China worst abuser of internet freedom as online censorship hits ‘unprecedented’ levels
(SCMP) – China was ranked the world’s worst abuser of internet freedoms for the fourth consecutive year by a US human rights organisation that also said global internet freedom was declining.
The annual report by Freedom House, based this year on a survey of 65 countries, warned that “governments around the world are increasingly using social media to manipulate elections and monitor their citizens, tilting the technology toward digital authoritarianism”.
China’s censorship had reached “unprecedented extremes” this year, and the internet in the country was the least free of all surveyed nations, including Iran, Syria, Cuba and Vietnam, the report said.
The Washington-based non-profit organisation found the decline in internet freedom came as Beijing improved its control of domestic information ahead of the 30th anniversary of the Tiananmen Square crackdown in June and amid nearly five months of increasingly violent anti-government protests in Hong Kong.
Besides keeping its own citizens under surveillance, Beijing also stepped up its efforts to influence the outcomes of elections overseas, the report said.
Report co-author Adrian Shahbaz said it was alarming to see how China was “weaponising its own content dissemination systems” to manage internet discourse over sensitive topics such as the Hong Kong protests and the NBA scandal, where a tweet by the Houston Rockets’ general manager in support of Hong Kong protesters sparked calls for a boycott of league telecasts and consumer products and a state backlash in China.
“Right now, there really aren’t a lot of checks and balances or even accountability faced by Chinese media outlets, including social media companies, for whatever practices they implement, particularly to censor political, social and religious speech,” Shahbaz, the organisation’s research director for technology and democracy, said.
“We saw countless examples of disinformation pumped out about the Hong Kong protesters – not only directed for domestic Chinese audiences or those in Hong Kong, but also around the world.”
The organisation’s researchers wrote that China had become “a leader in developing, employing and exporting social media surveillance tools”. Authorities in China had developed “a host of invasive tools, both low- and hi-tech, for repressing any behaviour that strays from what is acceptable under Xi Jinping Thought – the doctrine of China’s authoritarian leader”, they wrote.

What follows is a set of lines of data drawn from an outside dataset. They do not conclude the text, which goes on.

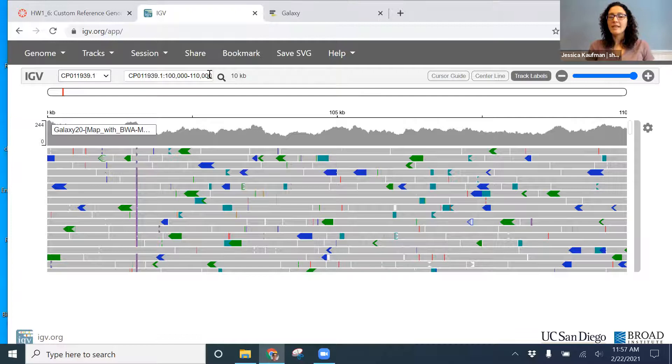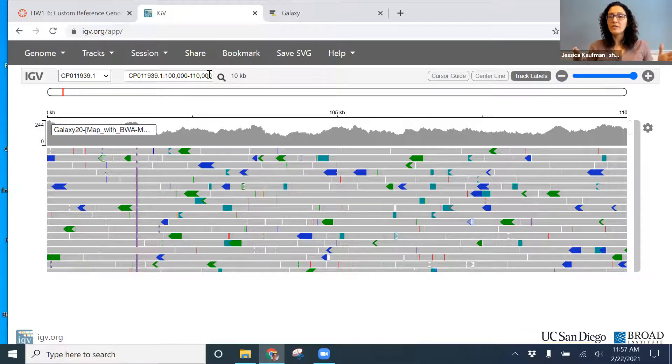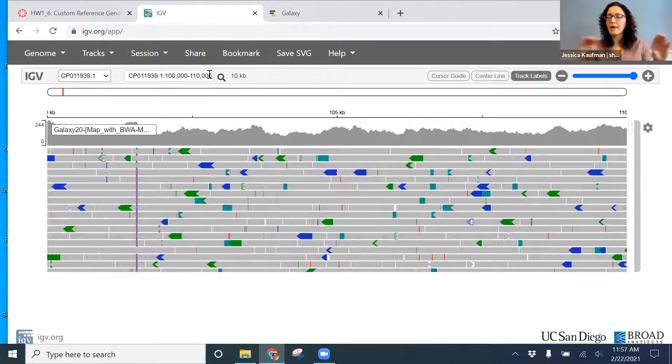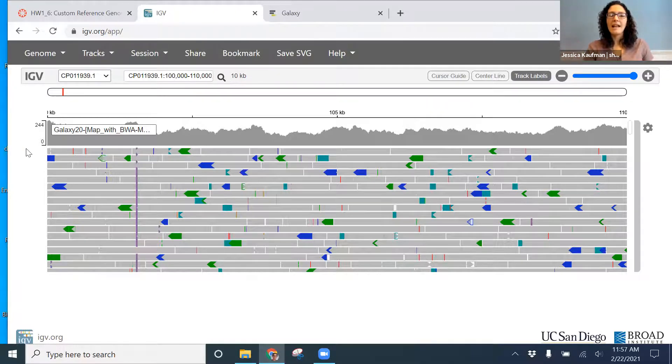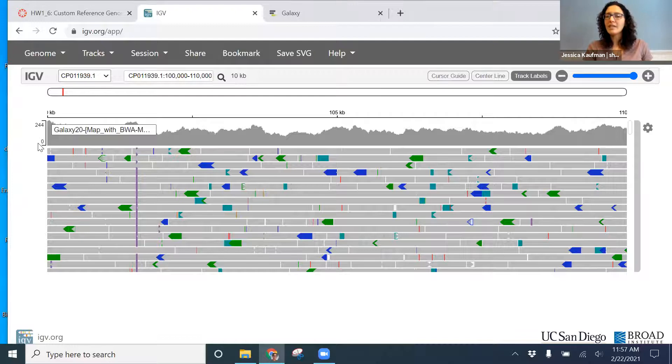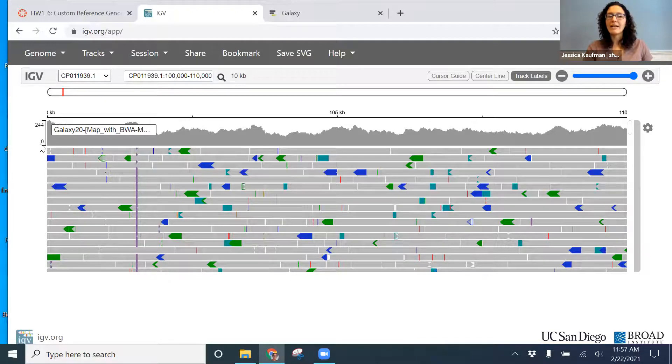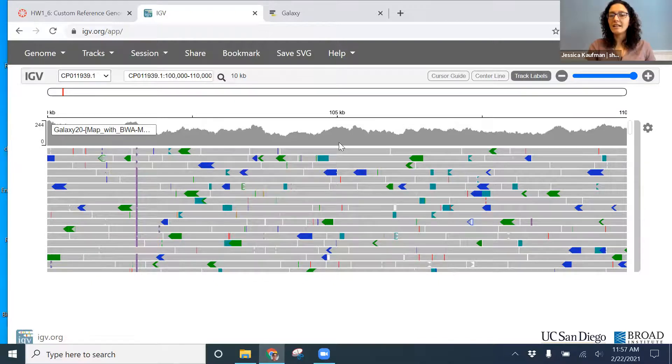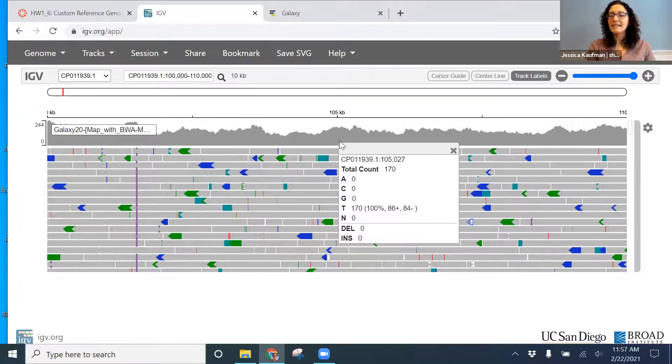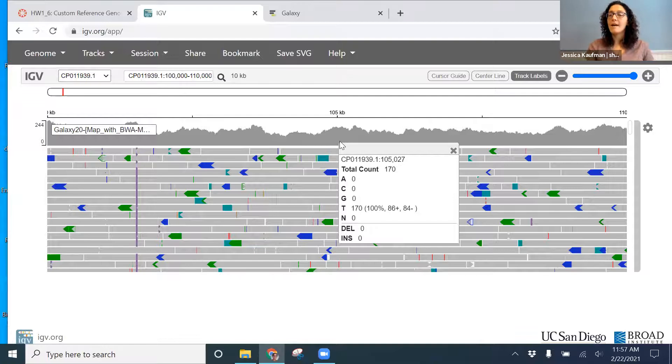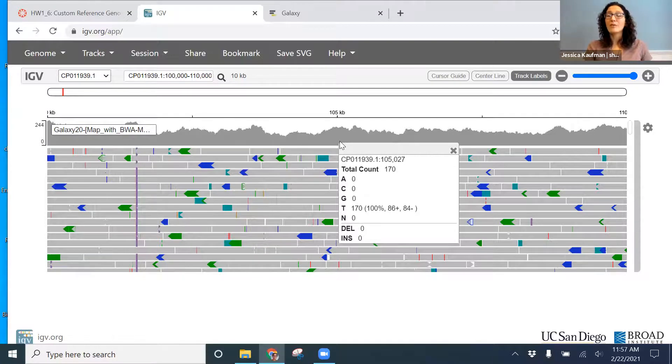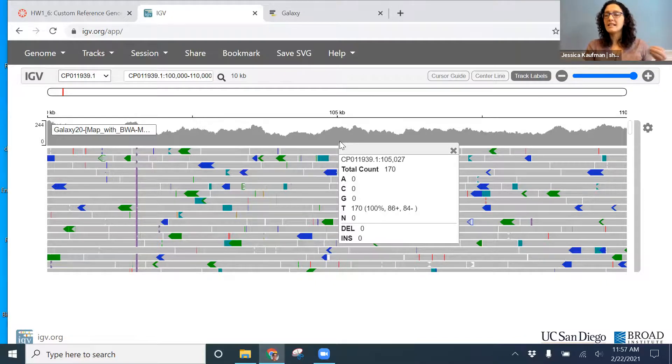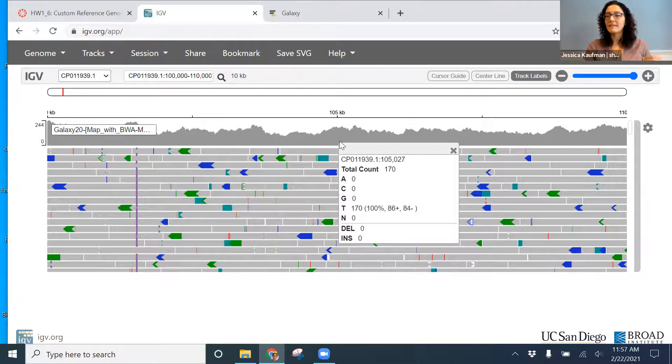So on this portion of the genome, I can see that every base pretty much got read. There's a gray histogram over every base in this region, and the number of times it got read varied anywhere from 0 to 244. I could click on an individual base and see that at this position, the genome was read 170 times. So how many reads align to that base? That's the sequencing depth for that base.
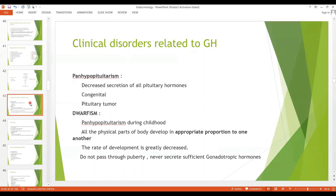The clinical disorders of the growth hormone — panhypopituitarism. What is panhypopituitarism? As the name indicates, this is the decreased secretion of all anterior pituitary hormones. It may be congenital, starting from birth, or it may develop later in life due to a pituitary tumor.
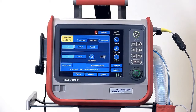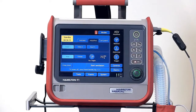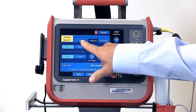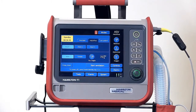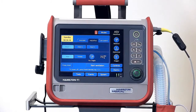First, select the patient group. Adult pediatric is for adult and pediatric patients down to 3 kilograms, or select neonatal for newborns up to 30 kilograms. You can also select last patient, which inputs the settings from the last time the ventilator was used, so don't use that on new patients.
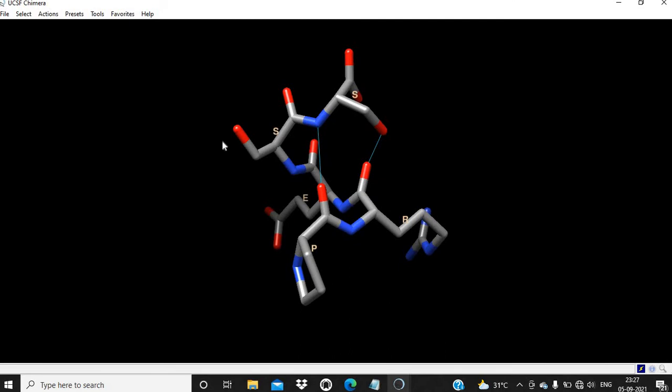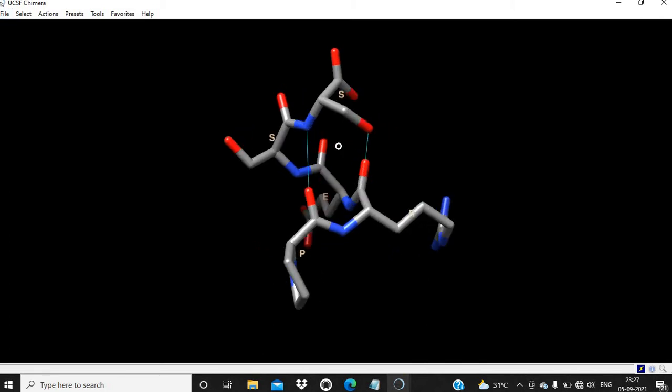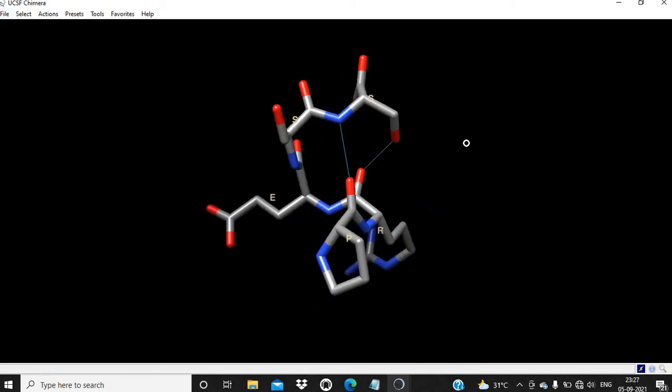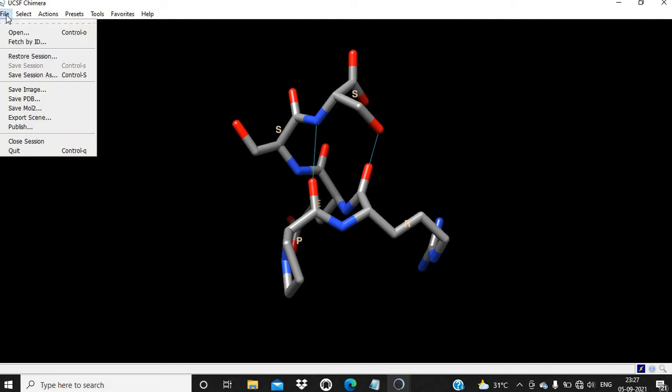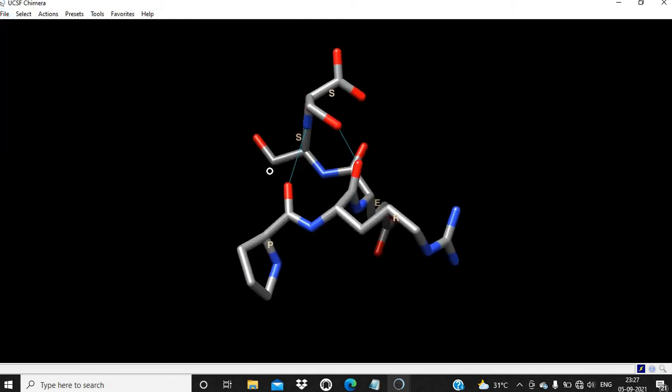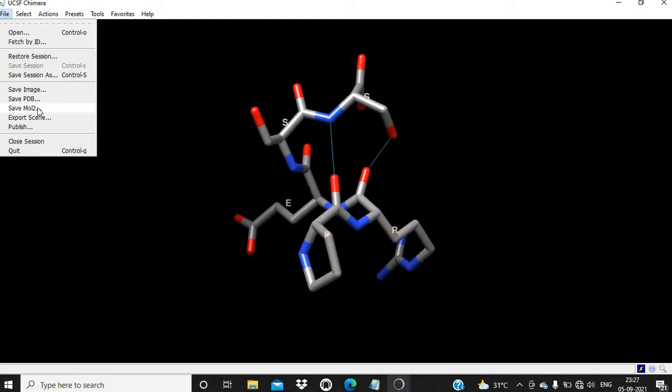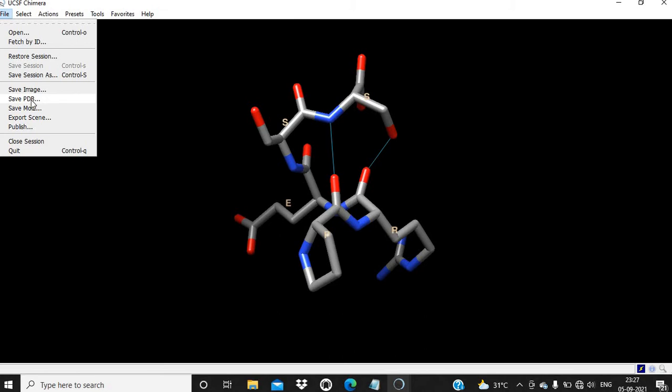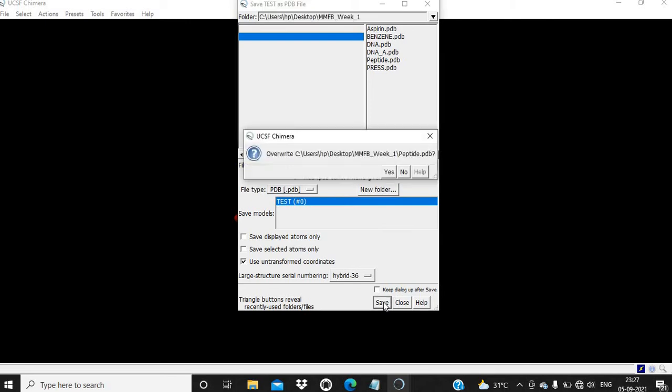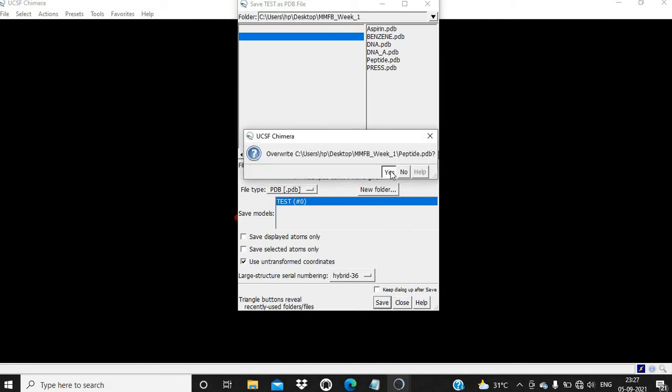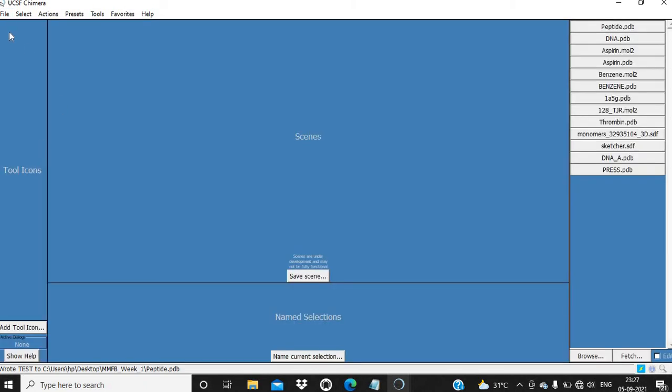In this way, you can build a peptide structure and analyze the structure. You can use this peptide structure for further analysis or molecular modeling work. To save this peptide structure, click on Save PDB, then peptide, and then save. This structure has been saved.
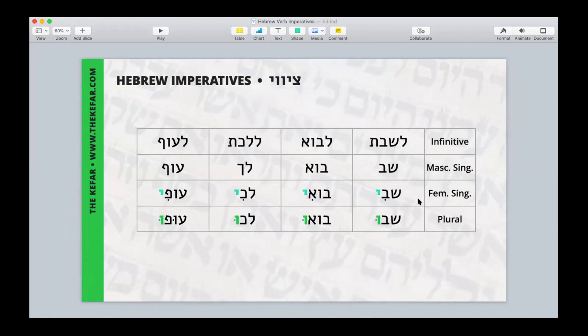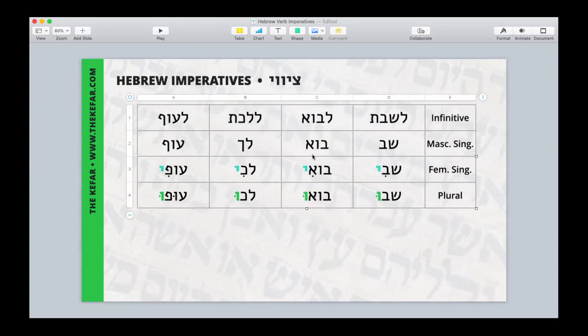The first thing you're going to do is decide which rows, columns, or cells you want to animate. With my table, I want the labels and the first column to be visible from the start, and then I want to animate the last three columns so I can make them pop up later. Since I want to animate three columns, I'm going to make three copies of the original table. If you want to animate five rows, make five copies; seven cells, seven copies, etc. I'm going to click my table and make my three copies.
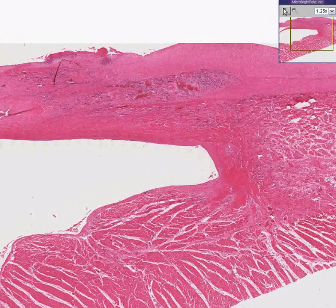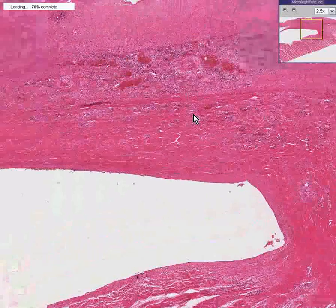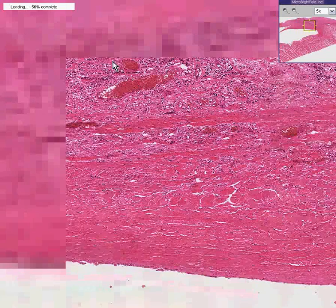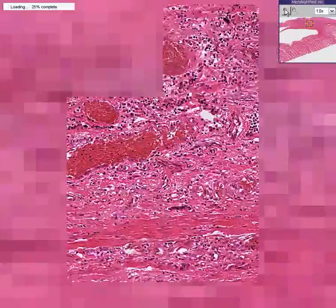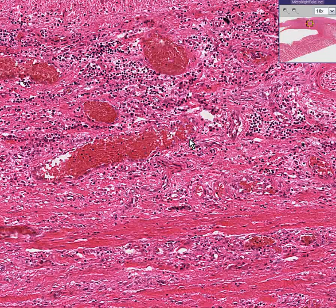This is called a subacute rheumatic endocarditis because it's not quite as acute as you would expect to see in extremely acute inflammation, in which you have infiltrates of nothing but inflammatory cells, perhaps edema. This is subacute. It's not chronic because there is not a considerable amount of fibrosis here. There is still some acutely damaged tissue, but it is not quite as acute as what you would see in an extremely acute process from a cellular point of view.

China has long regulated the internet through its “Great Firewall”, which blocks access to selected overseas websites on the mainland and slows down cross-border internet traffic.
But Beijing’s control over the internet has intensified under President Xi Jinping, who has stressed the need for the ruling Communist Party to tighten its grip on online communications to ensure social stability.
Xi has sought to rally global support for “cyber sovereignty” – the idea that countries have the right to regulate the internet within their own borders.
As China broadens its censorship of social media and expands government oversight of Chinese technology companies, information about politically sensitive events, including the Tiananmen Square crackdown and the pro-democracy movement in Hong Kong, often has been scrubbed from China’s internet.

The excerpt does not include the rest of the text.